Family Crest
The coat of arms of John du Plessis (1195-1263),
Baron du Plessis & 9th Earl of Warwick


Individual armorial bearings were personal decorations adopted by kings and nobles, and afterwords retained as hereditary marks of distinction by which they could be easily recognised when their features were concealed by their helmets. The earliest charges, which date from the reign of Henry III (1216-72), were simple  figures: and as such those arms are the most ancient, they are generally considered the most honorable.
The Arms of John of Poitou (1195-1263), Baron du Plessis and 9th Earle of Warwick, were: On a ground argent (silver) six  annulets gules (red) - three, two and one. These bearings appeared on the shortened surcoat or cyclas worn over the armour, and are here reproduced on the shield.
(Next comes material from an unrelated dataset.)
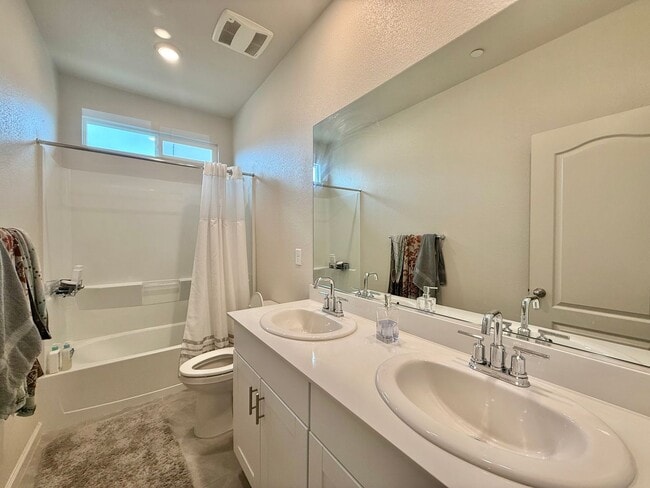 Building Photo - Bright and Modern Home in Hollister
The annulet is a small ring familiar in decorative work.
Above the shield is depicted in profile the helmet of a Baron, of silver garnished with gold, guarded with ten steel bars, half of them being visible: surmounted by a Cap of Maintenance, which was the emblem of nobility until  it was superseded by the Coronet in the reign of Charles the Second.
Subsequent developments of heraldry brought into use many strange devices and a multitude of variations, until in later centuries tinctures and charges, knots and badges, with marks of cadency or difference, entirely changed the primitive simplicity of armorial bearings into a mystery of elaborate symbolism.